- Muscle funtion improved in 17 of 19 patients at month 12
- Treatment with AT-GAA resulted in persistent and durable reductions in key biomarkers of muscle damage across all patient cohorts out to month 18
- Amicus anticipates initiation of a pivotal study to support full approval in U.S. and EU, as well as other geographies (2H18)
Amicus Therapeutics (Nasdaq: FOLD) announced on 10/5/18 additional positive results from a global Phase 1/2 clinical study (ATB200-02) to investigate AT-GAA in patients with Pompe disease, an inherited lysosomal storage disorder caused by an enzyme deficiency that leads to accumulation of glycogen (disease substrate) in cells. Patients treated with AT-GAA for up to 18 months showed improvements in six-minute walk test (6MWT) distance and other measures of motor function and muscle strength, stability or increases in forced vital capacity (FVC), and durable reductions in biomarkers of muscle damage and disease substrate. These clinical results are being featured at the 23rd International Annual Congress of the World Muscle Society in an oral platform presentation today, Friday October 5, 2018 at 12:20am ART (11:20am EDT). The presentation will be given by Professor Benedikt Schoser, senior consultant at the Friedrich-Baur-Institute, Dept. of Neurology at the Ludwig-Maximilians-University of Munich, Germany and Principal Investigator in the ATB200-02 study.
John F. Crowley, Chairman and Chief Executive Officer of Amicus Therapeutics stated, “The clinical data for our investigational therapy for Pompe disease AT-GAA are very compelling and consistent across patients and in multiple endpoints now for up to 18 months on treatment. These latest data continue to show meaningful and very durable improvements in functional outcomes in nearly all patients, in addition to persistent and durable reductions in key biomarkers of muscle damage and disease substrate. These new results further support our strategy to significantly enhance the body of clinical data for AT-GAA through our ongoing clinical and natural history studies, as well as our upcoming pivotal study, as we seek to deliver this potential new therapy to as many people living with Pompe disease as soon as possible.”

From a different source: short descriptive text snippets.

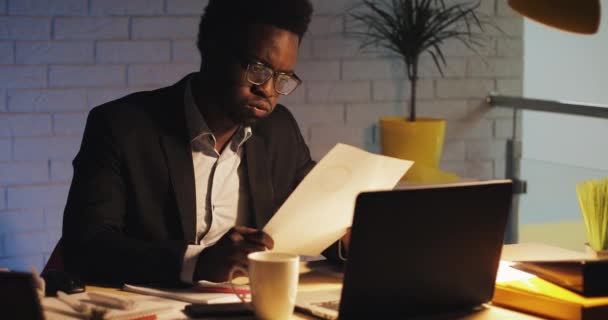 Tired young black businessman with laptop computer and papers working at night office. He working with documents. Business, workaholic, deadline concept. — Stock Video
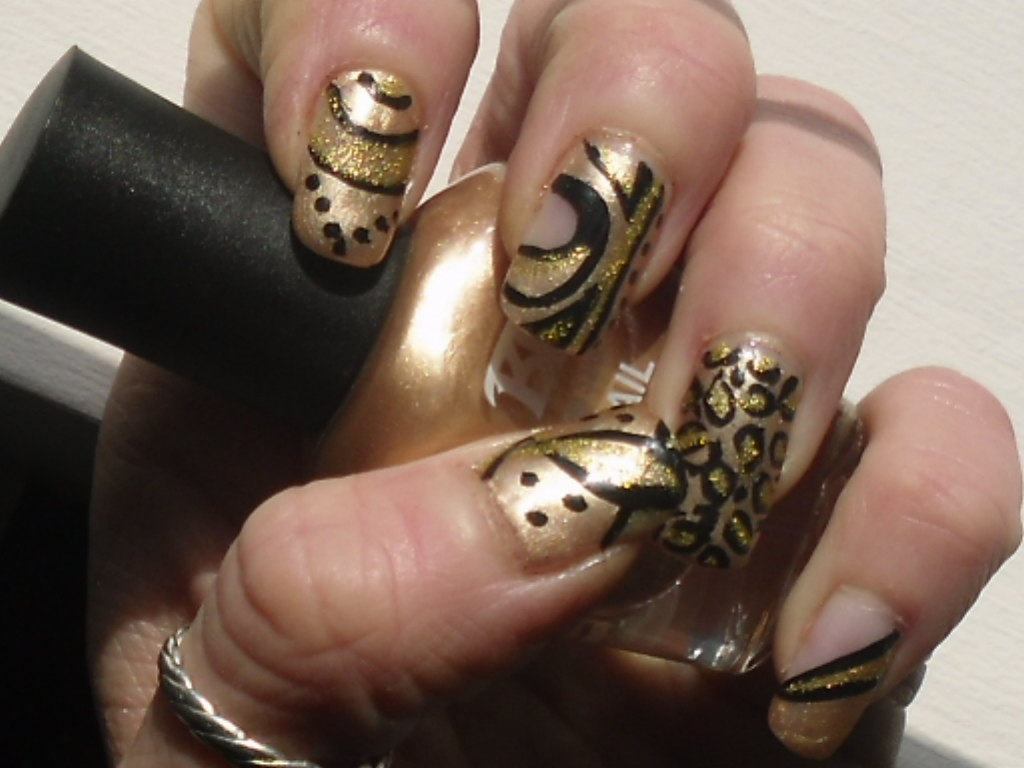 cute black and gold nail design
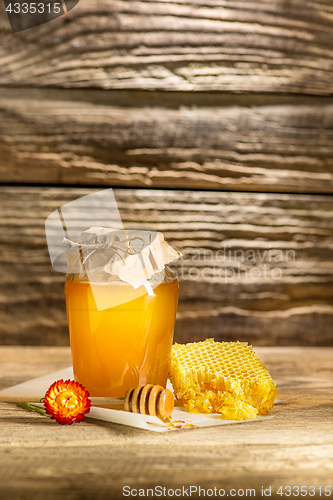 Image of The bowl with honey on wooden table.The bank of honey stay near wooden spoon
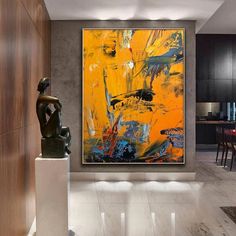 an abstract painting hangs on the wall next to a statue in a modern living room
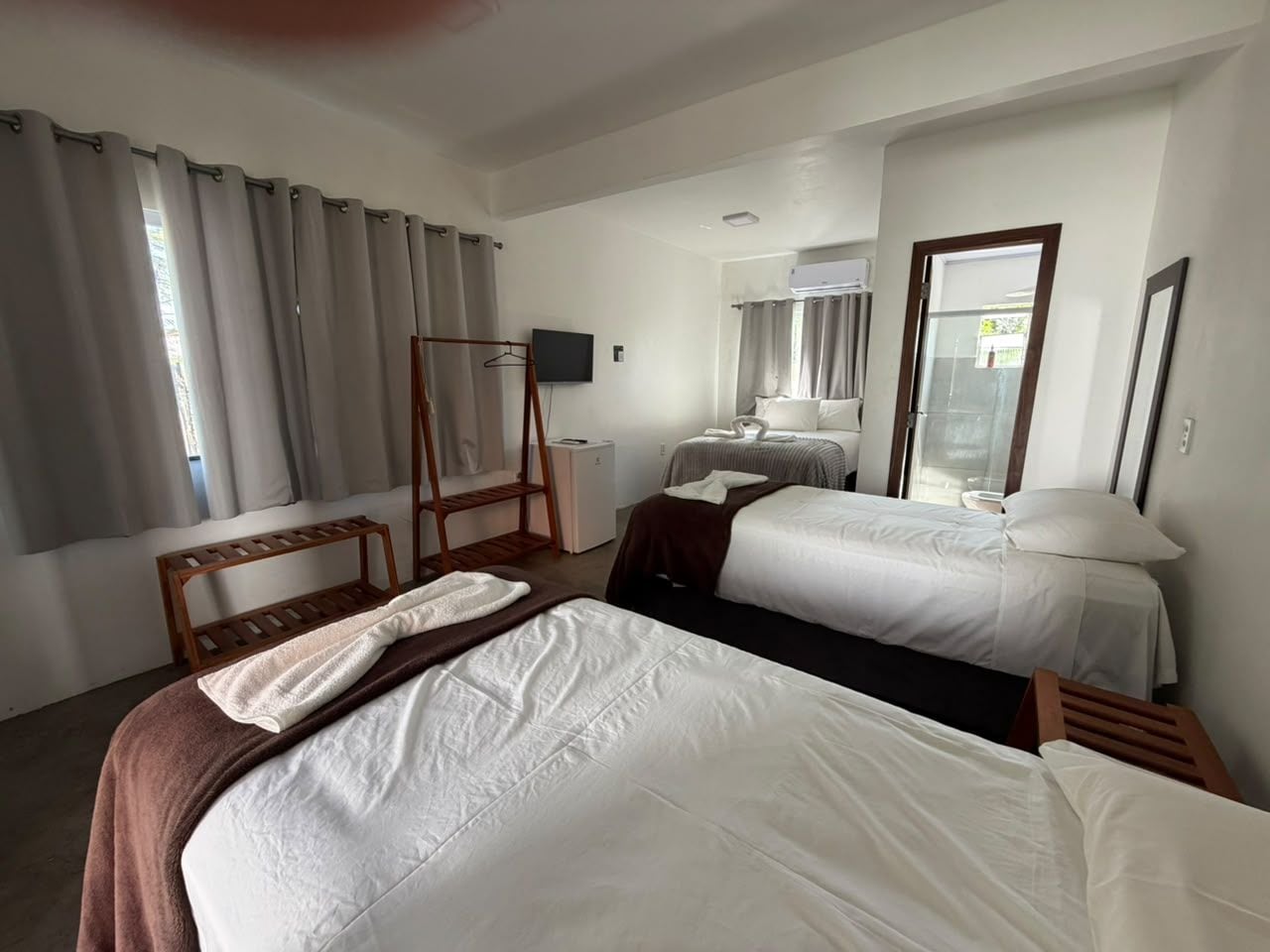 A hotel room with two beds, a wooden chair, a small table, and a television.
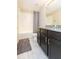 Modern bathroom with dark wood cabinets and granite countertops at 7236 Grand Elm Dr, Riverview, FL 33578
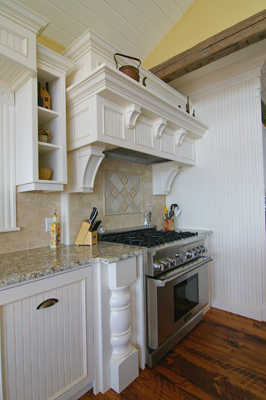 beautiful stove area cabinetry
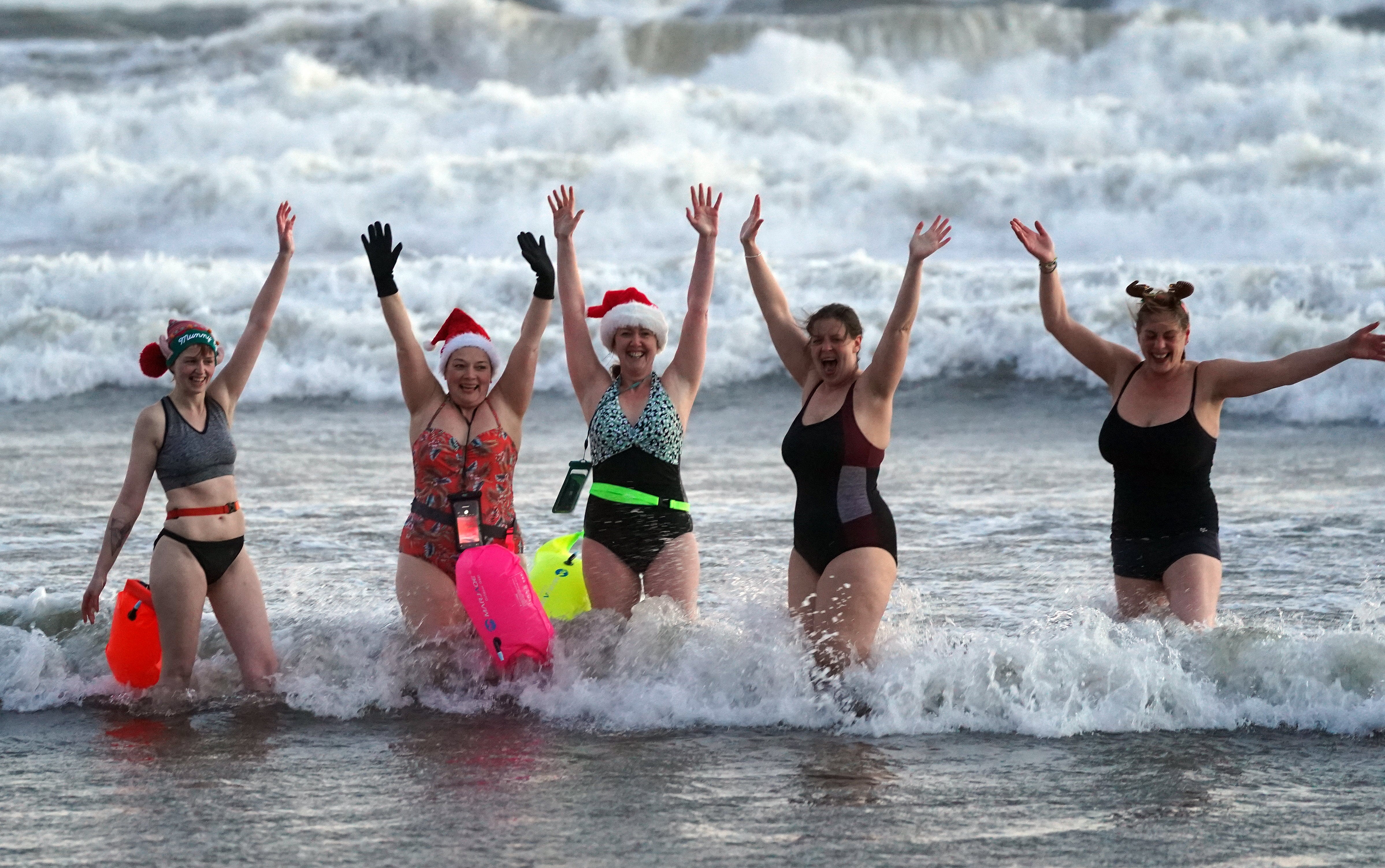 Swimmers go for a Christmas Day dip at Tynemouth beach, north-east England (Owen Humphreys/PA)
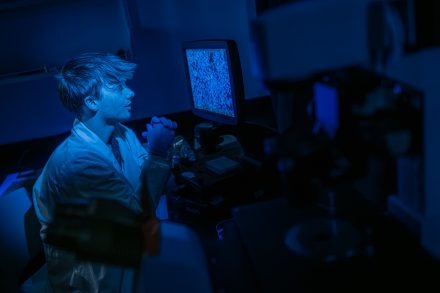 A student in a lab coat studies a microscope image displayed on a computer monitor in a dark laboratory illuminated by blue light.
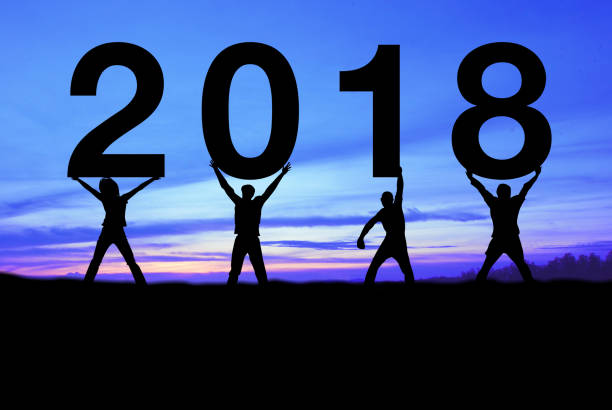 istock Silhouette people happy for 2018 new year. 898484096
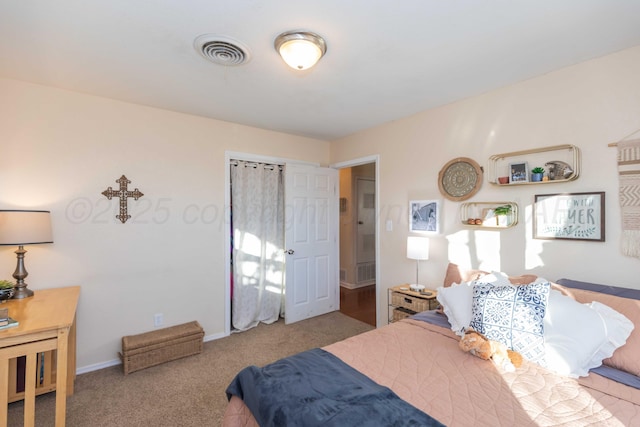 carpeted bedroom featuring baseboards and visible vents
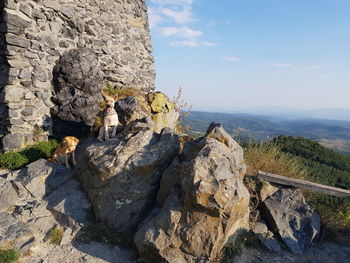 Rock formation on mountain against sky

Data on functional outcomes are available for 19 of the 20 patients enrolled (one patient dropped out of the extension study due to travel burden and family considerations). Muscle function improved in 17 of 19 patients at month 12. Muscle function improved in 17 out of 18 patients with available data at month 18.
Treatment with AT-GAA resulted in persistent and durable reductions in key biomarkers of muscle damage (creatine kinase, or CK) and disease substrate (urine hexose tetrasaccharide, or Hex4) across all patient cohorts out to month 18 and continue to suggest a positive effect on muscle tissue.
Amicus anticipates the following upcoming milestones:
- Initiation of pivotal study to support full approval in U.S. and EU, as well as other geographies (2H18)
- Complete a retrospective natural history study in approximately 100 ERT-treated Pompe patients (2H18)
- Additional ATB200-02 study data from up to 10 additional ERT-switch patients in a new Cohort 4 (2019)
- Initiation of studies in additional patient populations, including pediatric patients (2019)
AT-GAA is an investigational therapy that consists of ATB200, a unique recombinant human acid alpha-glucosidase (rhGAA) enzyme with optimized carbohydrate structures, particularly mannose-6 phosphate (M6P), to enhance uptake, co-administered with AT2221, a pharmacological chaperone. In preclinical studies, AT-GAA was associated with increased tissue enzyme levels, reduced glycogen levels in muscle, and improvements in muscle strength. Amicus Therapeutics is currently conducting a global Phase 1/2 study (ATB200-02) to evaluate the safety, tolerability, pharmacokinetics (PK) and pharmacodynamics of AT-GAA.
Pompe disease is an inherited lysosomal storage disorder caused by deficiency of the enzyme acid alpha-glucosidase (GAA). Reduced or absent levels of GAA leads to accumulation of glycogen in cells, which is believed to result in the clinical manifestations of Pompe disease. Pompe disease can be debilitating, and is characterized by severe muscle weakness that worsens over time. Pompe disease ranges from a rapidly fatal infantile form with significant impacts to heart function to a more slowly progressive, late-onset form primarily affecting skeletal muscle. It is estimated that Pompe disease affects approximately 5,000 to 10,000 people worldwide.